The AI4I 2020 Predictive Maintenance Dataset is a synthetic dataset that reflects real predictive maintenance data encountered in industry.
Associated Tasks | Classification, Regression, Causal-Discovery |
Data Source | Synthetic |
Dataset Characteristics | Multivariate, Time-Series |
Date Donated | 2020-08-29 |
Feature Type | Real |
Labeled | Yes |
Missing Values | No |
Name | AI4I 2020 Predictive Maintenance Dataset |
Number of Features | 6 |
Number of Instances | 10000 |
Source | UCI Machine Learning Repository |
Time Series | Yes |
Since real predictive maintenance datasets are generally difficult to obtain and in particular difficult to publish, we present and provide a synthetic dataset that reflects real predictive maintenance encountered in industry to the best of our knowledge.
The dataset consists of 10,000 data points stored as rows with 14 features in columns. UID is a unique identifier ranging from 1 to 10000. Product ID consists of letter L, M, or H indicating product quality variants and variant-specific serial number. Air temperature [K] and Process temperature [K] are generated using a random walk process with normalization. Rotational speed [rpm] is calculated with noise, Torque [Nm] values are normally distributed. Tool wear [min] is modified according to product quality variant.
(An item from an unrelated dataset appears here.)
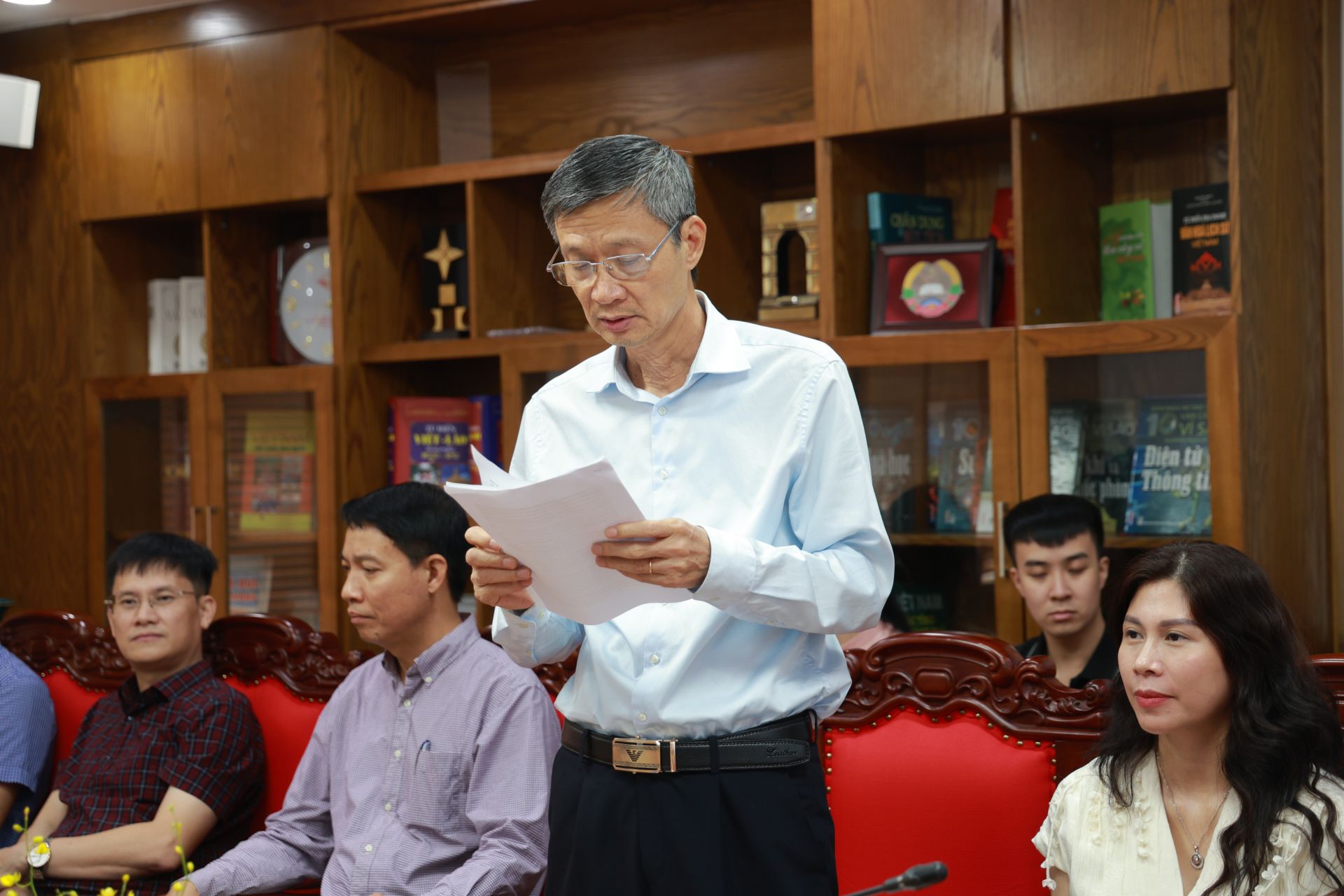 TS. Nguyễn Khắc Khanh &ndash; Chủ tịch Hiệp hội S&aacute;ch gi&aacute;o dục v&agrave; Học liệu điện tử Việt Nam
The machine failure label indicates if the machine has failed based on five independent failure modes: tool wear failure (TWF), heat dissipation failure (HDF), power failure (PWF), overstrain failure (OSF), and random failures (RNF). A failure occurs if any one of these modes is true and the machine failure label is set to 1. This makes it non-transparent to machine learning methods which failure mode caused the failure.